[Extracted material]

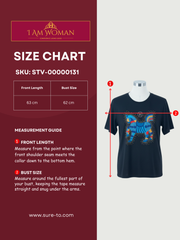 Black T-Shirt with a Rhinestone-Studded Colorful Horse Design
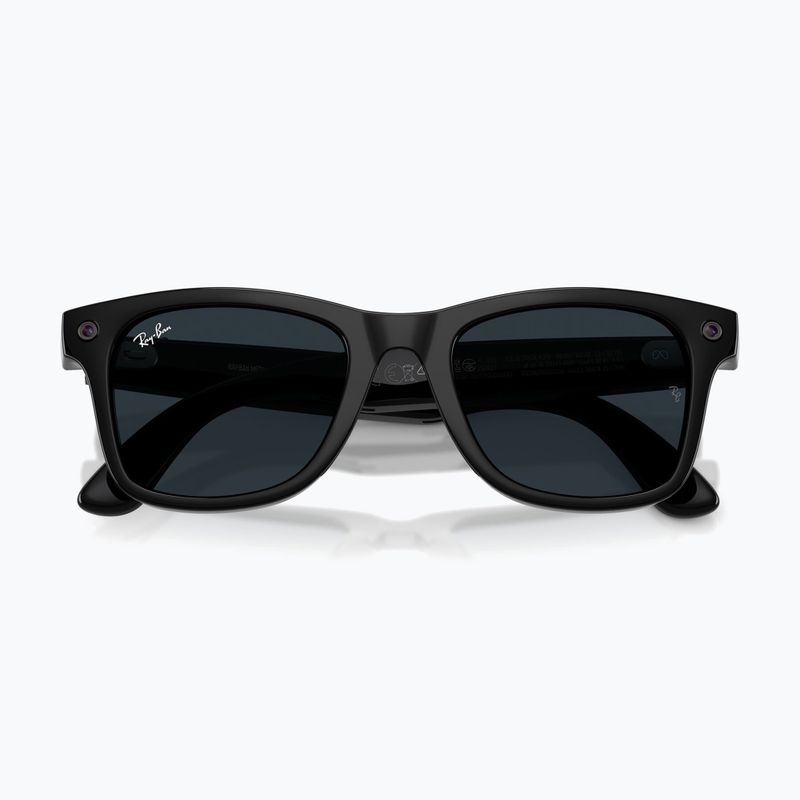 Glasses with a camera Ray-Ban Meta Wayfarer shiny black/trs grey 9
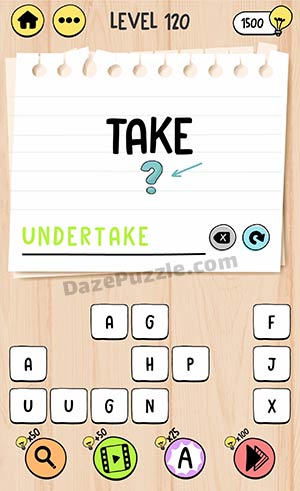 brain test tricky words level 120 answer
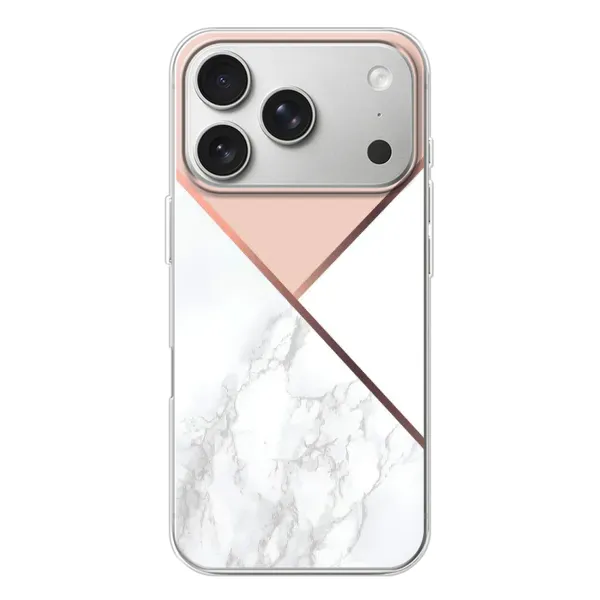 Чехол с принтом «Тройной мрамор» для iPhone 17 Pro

[/Extracted material]
[Extracted material]

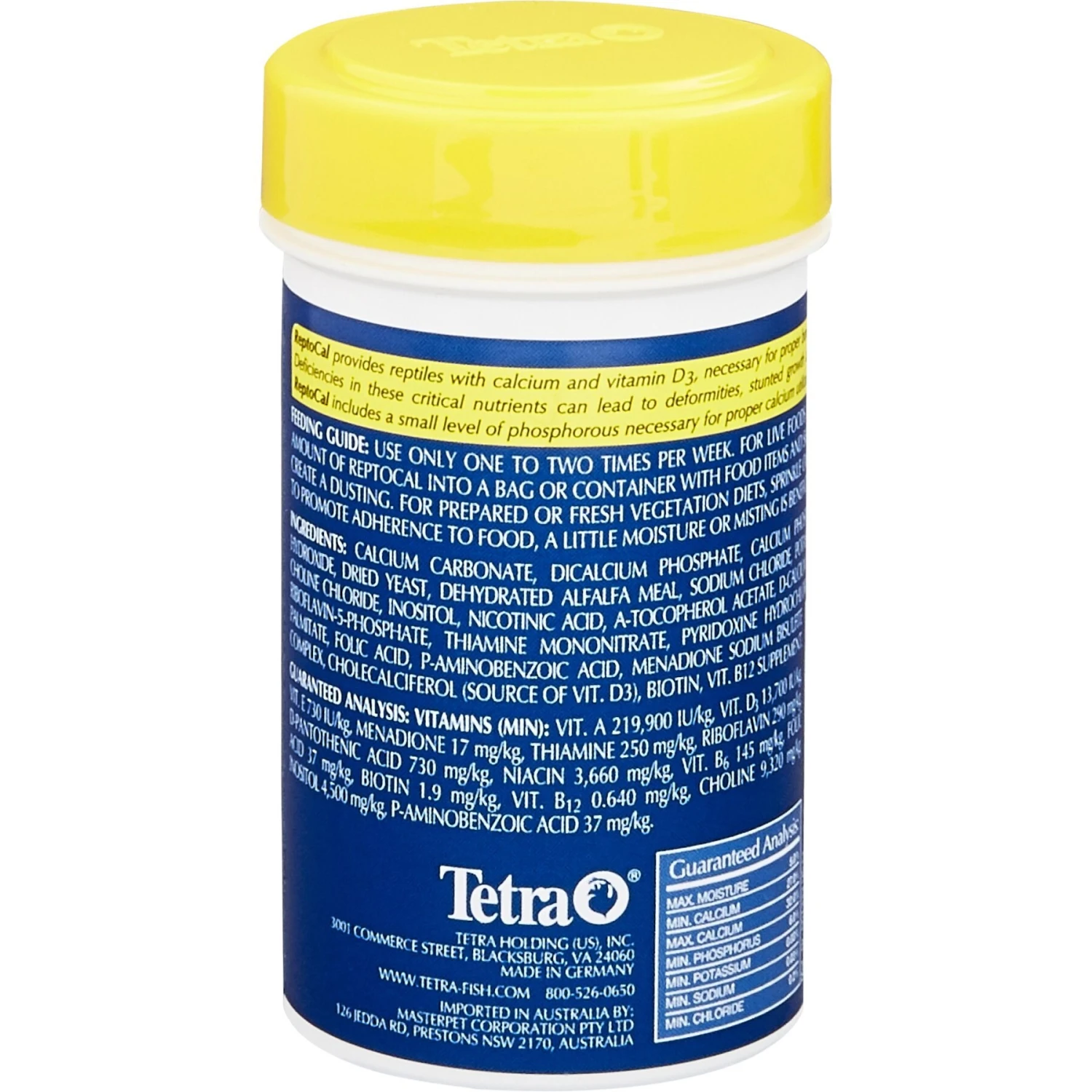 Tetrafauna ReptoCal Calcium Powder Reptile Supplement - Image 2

[/Extracted material]
[Extracted material]

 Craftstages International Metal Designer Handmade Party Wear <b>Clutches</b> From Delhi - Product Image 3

[/Extracted material]

### Work task
Would you copy the lines above exactly, starting with the one that has "Black T-Shirt with" and ending with the one that has "Чехол с принтом", both included, without the pictures?

### Solution
 Black T-Shirt with a Rhinestone-Studded Colorful Horse Design
 Glasses with a camera Ray-Ban Meta Wayfarer shiny black/trs grey 9
 brain test tricky words level 120 answer
 Чехол с принтом «Тройной мрамор» для iPhone 17 Pro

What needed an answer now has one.